Once again we'll begin with a basic algorithm that we'll adjust. We want
to DELETE a key k from T. For
now, we shall assume that k is stored in a node v whose
children are all external nodes. Here are the steps we follow:
- perform a SEARCH for k in
T,
if it fails then we don't need to
DELETE the item so we exit,
otherwise (if it succeds) then we find k in a node
v with only external children (by our assumption).
- now we simply remove k from v and delete the external
node child to the left of k (see
figure 6.4(a)).
Simple enough. Since we only deleted external nodes, we didn't change the
depth of T, so that property is safe. However, we may have violated
the SIZE property once again.
Figure 6.4: deletion of key k
resulting in (a)two children remaining in v so no underflow,
(b) underflow at node v because it is left with only one child
This is because (as shown in
figure 6.4(b)) v
may have only had two children before we removed k. In such a case,
it will be left as a 1-node, which violates the definition of a multiway
search tree (see section 6.2.2). This situation is
called an underflow at node v. Again, we're going to
have to resolve this in order to validate our deletion algorithm.
Let u be the parent of v. To solve this problem, we
consider two seperate cases:
- v has a sibling w that is a 3-node or a 4-node.

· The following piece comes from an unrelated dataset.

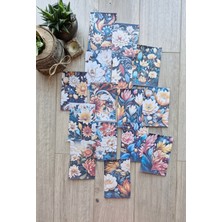 Kolbi Craft 15 Adet Siyah Renkli Çiçek Temalı Scrapbook Kağıt Seti Bullet Journal Dekupaj Kağıdı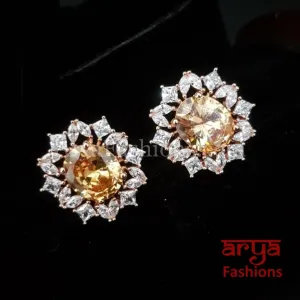 Eashani Rose Gold CZ Studs/ Trendy Bollywood Stud Earrings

In this case we perform a TRANSFER
operation as follows
(figure 6.5):
- Move a child of w to v.
- Move a key from w to u.
- Move a key from u to v.
This may seem a little cryptic, but one look at the figure should make
this quite clear. As you can see, this operation has the following
effects:
- It adds a child to v and removes one from w
(thereby making v a 2-node and w a 2 or 3-node,
resolving the underflow at v).
- But now we must transfer the corresponding keys without
destroying the ordered nature of the tree. We do this by pushing
the extra key from w through the appropriate key in the
parent u, and finally into v.
- The net effect is that the number of keys in w has been
reduced by 1, and the number of keys in v has been increased
by 1 as desired!
Figure 6.5: deletion of key 4
resulting in an underflow at v. (a) transfer operation,
(b) the resulting tree after the transfer.

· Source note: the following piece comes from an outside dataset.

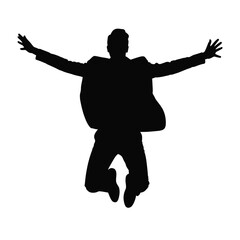Silhouette of a man in a suit jumping with arms outstretched in celebration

- v has no such siblings (i.e., they are all 2-nodes).
This case requires a FUSION of two nodes
as follows
(figure 6.6):
- Merge v with a 2-node sibling w creating a new
node v'.
- Move a key from u (v's parent) to v'.
After step (a), v' has 3 children, but stores only one key, and
u has lost a child (since two of it's children merged into one),
hence we move a key from u to v' to preserve the tree.
Note that the FUSION operation reduces the
number of u's children by 1, potentially causing an underflow at
u. In such a case we would remedy this with another
FUSION or TRANSFER.
Observe also that this process also terminates at the root (an underflow
at the root simply causes its deletion), and is hence bounded above by
O(logn) as was the SPLIT operation in
the INSERTION algorithm.
Figure 6.6: deletion of key 11
resulting in an underflow at v. (a) fusion of v and w,
(b) the resulting tree after the fusion.
Almost done! However, remember that everything above only applies if the
key we're trying to remove is stored at a node with only external nodes for
children (if you don't remember making this assumption click
here)! What do we do if this is not the case? Well,
there just so happens to be a very easy way to swap any key in a (2,4)-tree
with one that is stored in a node with the property we desire without
destroying the ordering in the tree. This is done as follows:
Swap the internal key ki with the largest element in the
subtree immediately to its left. By the definition of a search tree, this
key is the next smallest key in the tree next to ki. So
once we delete ki, the tree will be correctly ordered.
A natural question to ask would be "how do we find this element?" This is
accomplished by performing the following steps:
- Let v be the internal node in which the element we wish to
delete (ki) is stored.
- Let w be the right-most internal node in the subtree rooted
at the ith child of v.
- Swap ki with the last item of w.
Once this is done, the item we wish to delete will be at a node that has
only external nodes for children, and we will be able to use the above
procedure to delete it.
6.8.2 Analysis of deletion
- We began with a search procedure which takes O(logn) time.
- This may be followed with a swap which also takes O(logn).
- Finally, we had a maximum total of O(logn)
TRANSFER or
FUSION operations (each of which takes
constant time).
Therefore, deletion can also be accomplished in (2,4)-trees in
O(logn) time.
[Top]
[Bottom]
[Home]
Here are a few notes and instructions for using the applet:
- Netscape 4 or above is recommended (otherwise the animation stinks)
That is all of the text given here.